Books Jul 10, 2013 at 4:00 am

A Book for Everybody Who Doesn't Love Capitalism Forever

Comments

1
art with a capital A is inherently the most honest form of artificiality. The biggest threats to novelty, beauty, and innovation is political correctness and homogenization. These things are by and large coming from the STATE, not "multinational corporations". Let's see; who has murdered the most people over the last 100 years, governments or corporations?
2
If all art was made by anonymous artists it would be horribly politically incorrect. Art would be on the same level as terrorism in our culture. Basically everything you despise and fear the most is deliberately edited out of the art.
3
Formally trained successful artists have rarely, if ever, generally been working class. Who can afford art school? Who can afford free internships and apprenticeships? Who can afford years of uncompensated obscurity? Very rarely working class people.

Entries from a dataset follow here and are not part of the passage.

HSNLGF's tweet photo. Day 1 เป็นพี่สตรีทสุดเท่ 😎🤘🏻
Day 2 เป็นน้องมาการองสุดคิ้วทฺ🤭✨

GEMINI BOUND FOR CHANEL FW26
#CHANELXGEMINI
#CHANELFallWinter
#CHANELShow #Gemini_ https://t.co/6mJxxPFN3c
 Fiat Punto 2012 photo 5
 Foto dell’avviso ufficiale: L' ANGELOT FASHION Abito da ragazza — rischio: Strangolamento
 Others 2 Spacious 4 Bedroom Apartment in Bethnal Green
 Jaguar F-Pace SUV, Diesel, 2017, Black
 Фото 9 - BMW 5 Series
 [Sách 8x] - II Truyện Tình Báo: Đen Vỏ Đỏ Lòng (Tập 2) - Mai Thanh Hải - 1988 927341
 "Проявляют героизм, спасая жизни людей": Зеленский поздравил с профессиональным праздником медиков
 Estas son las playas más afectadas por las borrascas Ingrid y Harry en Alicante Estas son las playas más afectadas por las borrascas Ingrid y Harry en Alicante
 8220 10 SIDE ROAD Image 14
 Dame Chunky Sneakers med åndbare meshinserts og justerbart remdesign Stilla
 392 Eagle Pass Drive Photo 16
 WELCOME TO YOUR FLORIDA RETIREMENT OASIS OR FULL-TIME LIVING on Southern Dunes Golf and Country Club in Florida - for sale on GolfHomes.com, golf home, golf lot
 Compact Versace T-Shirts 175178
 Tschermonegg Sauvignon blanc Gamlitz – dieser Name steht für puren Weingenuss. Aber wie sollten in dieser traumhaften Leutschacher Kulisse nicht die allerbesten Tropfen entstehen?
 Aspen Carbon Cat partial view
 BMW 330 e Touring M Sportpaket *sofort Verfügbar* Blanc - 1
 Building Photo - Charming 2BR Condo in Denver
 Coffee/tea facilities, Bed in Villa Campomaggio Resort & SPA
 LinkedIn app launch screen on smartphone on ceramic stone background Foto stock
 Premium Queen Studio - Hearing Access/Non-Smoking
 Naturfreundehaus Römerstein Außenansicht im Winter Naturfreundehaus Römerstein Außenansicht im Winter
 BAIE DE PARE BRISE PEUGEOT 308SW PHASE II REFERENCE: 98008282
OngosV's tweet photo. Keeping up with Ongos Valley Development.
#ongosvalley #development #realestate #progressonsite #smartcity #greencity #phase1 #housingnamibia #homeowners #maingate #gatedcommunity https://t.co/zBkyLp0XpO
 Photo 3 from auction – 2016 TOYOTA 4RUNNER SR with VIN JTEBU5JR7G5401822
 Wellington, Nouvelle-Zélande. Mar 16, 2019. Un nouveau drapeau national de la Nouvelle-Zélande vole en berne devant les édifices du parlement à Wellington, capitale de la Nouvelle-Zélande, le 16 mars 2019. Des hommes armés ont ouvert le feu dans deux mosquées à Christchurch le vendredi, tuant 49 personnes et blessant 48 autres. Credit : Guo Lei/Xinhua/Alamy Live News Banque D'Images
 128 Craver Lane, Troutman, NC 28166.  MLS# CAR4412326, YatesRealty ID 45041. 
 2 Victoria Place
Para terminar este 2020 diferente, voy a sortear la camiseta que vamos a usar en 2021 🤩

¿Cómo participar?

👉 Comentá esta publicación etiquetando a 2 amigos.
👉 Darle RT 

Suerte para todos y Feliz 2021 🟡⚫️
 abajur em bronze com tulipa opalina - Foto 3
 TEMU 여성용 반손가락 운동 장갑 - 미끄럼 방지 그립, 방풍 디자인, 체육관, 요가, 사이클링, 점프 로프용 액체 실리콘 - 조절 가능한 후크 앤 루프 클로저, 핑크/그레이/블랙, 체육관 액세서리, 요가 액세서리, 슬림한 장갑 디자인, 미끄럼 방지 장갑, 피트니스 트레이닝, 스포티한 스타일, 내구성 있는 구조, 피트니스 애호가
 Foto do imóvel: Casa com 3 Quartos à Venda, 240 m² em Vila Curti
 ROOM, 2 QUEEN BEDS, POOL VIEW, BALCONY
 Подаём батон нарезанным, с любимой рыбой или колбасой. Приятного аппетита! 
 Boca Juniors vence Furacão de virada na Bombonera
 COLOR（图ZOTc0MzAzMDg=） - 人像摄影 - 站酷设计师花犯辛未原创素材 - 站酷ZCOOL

Instead of redefining in Orwellian double speak the term "working-class," why don't we talk about how we can actually get more poor people into art schools ect. and keep working artists out of abject poverty?
4
"keep working artists out of abject poverty?"

Gub'ment!
5
Working class artists are only considered artists if their very rich friends decide they are quaint enough to let into the clique. Get a clue. The class gap in art is as wide as it is any where else and, like anywhere else, guess who has the upper hand in defining that gap, and art itself?
6
A professional art critic whose book is published by the propaganda arm of the Leninist-Trotskyist International Socialist Organization (Haymarket Books) has bad things to say about the Situationists? The same Situationists who accurately blasted Leninists, Trotskyists, and other Marxists as those who understood Marx the least, and professional artists as those who understood art the least, and especially "radical artists" as those who understood basically everything the least? No shit....
7
"street Marxist"

That's when I stop reading. (I'm an artist.)
8
True artists can be (and are) working class. The question is whether they can break into a salable market. Even Basquiat had to pose as an inner city breakout to get fame. Artists are everywhere. Open your eyes.
9
No food no Art. With one in five children living in poverty in the US, regular access to nourishment might trump access to Art education or indoctrination.

Do you think financial education will change Wall Street? I do believe education on race and gender and economics can help elevate the consciousness of children of all ages but if you think that it is going to change capitalism, especially in the art world you be cray-cray.

Davis might have created a Marxist wireframe on how the “art market” operates and yes it might look frighteningly similar to Mean Girls collect art. Davis admits there are winners and losers, sounds kinda like capitalism:

5.3 However, in any given historical situation, some forms of creative labor are valued over others; some types of labor are considered more exalted, others less so

www. creativefactoryoccupydallas .com /9-5-Theses-on-Art-and-Class-by-Ben-Davis

This article made me think of Chris Jordan, and a quick search I found Jen Graves interview with him and this sentence resonated, she does say she is rooting for him though.

“It might have been a nice work of art, but as activism it failed”

I think I will flip the sentence about the Davis manifesto, as activism it fails but it is a nice book. I of course have not and will not read the book because I am too busy working.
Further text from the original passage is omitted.